Do crosswords stave off dementia?
If you want to lend a character in a film or TV program an intelligent air, give him or her a crossword. The puzzle serves as shorthand for a vague cluster of cleverness indicators, such as impressive powers of recall, sizable vocabulary, and perhaps speedy lateral thinking.
One link between crosswords and the brain that everyone seems certain about is that they yield greater dividends the older you get: A puzzle a day keeps dementia at bay. Well, that’s not quite “certain,” I think to myself as I wander over to the corner of an Oxford pub toward the waiting psychologist investigating the link between crosswords and mental acuity, but certainly many people know an elderly relative who does a puzzle every morning and still has all his or her faculties.

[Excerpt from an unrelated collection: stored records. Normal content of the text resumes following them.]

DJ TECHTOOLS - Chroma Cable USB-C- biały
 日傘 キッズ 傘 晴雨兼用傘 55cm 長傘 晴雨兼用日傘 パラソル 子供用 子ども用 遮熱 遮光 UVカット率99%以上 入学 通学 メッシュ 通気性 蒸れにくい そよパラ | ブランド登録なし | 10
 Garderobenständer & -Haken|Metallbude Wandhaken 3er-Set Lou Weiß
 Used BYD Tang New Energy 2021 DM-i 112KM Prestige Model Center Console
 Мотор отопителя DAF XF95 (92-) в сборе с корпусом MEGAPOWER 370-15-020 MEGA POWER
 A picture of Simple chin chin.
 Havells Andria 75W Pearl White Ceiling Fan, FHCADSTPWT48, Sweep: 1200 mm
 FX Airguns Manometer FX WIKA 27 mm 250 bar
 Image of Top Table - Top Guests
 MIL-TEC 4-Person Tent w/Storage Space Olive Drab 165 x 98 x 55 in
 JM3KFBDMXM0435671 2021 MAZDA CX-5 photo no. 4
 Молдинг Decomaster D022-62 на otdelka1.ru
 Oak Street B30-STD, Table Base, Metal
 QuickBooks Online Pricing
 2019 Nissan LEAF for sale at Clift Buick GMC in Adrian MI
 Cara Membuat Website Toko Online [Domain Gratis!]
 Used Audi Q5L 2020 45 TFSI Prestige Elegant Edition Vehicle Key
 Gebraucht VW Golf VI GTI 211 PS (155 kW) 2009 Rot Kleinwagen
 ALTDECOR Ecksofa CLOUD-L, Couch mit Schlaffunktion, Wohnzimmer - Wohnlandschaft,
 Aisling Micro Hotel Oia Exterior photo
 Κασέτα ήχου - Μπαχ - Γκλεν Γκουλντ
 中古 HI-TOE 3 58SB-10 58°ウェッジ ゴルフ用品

Sitting by the restrooms, I strap on a pair of noise-reduction headphones and begin the psychological test.
Kathryn Friedlander and her colleague Philip Fine are interested in solvers’ cognitive skills and motivational drivers. She has joined a weekly get-together for constructors, solvers, and crossword bloggers that takes place around the UK every Saturday. It started when the constructor John Henderson (Enigmatist, who has been constructing for The Guardian since he was fifteen years old) noticed that whenever he solved in a pub, others were looking over his shoulder, and decided against a festering annoyance and in favor of actively inviting others to join him.
This week, those others include Kathryn, who wants to be around crossworders so that she can gather some data. She has devised a series of exercises for three groups: solvers, expert solvers, and noncrossworders. I am invited to count the number of vowels in various words, then fill in the blanks in some others. I suspect that the first task is designed to hobble me in the second by planting in my head various unhelpful linguistic shapes and sounds. The research is ongoing, but I learn something about myself, and not something flattering: While I appreciate that the point of the exercise is academic enrichment, I find that I urgently want to get a decent “score.”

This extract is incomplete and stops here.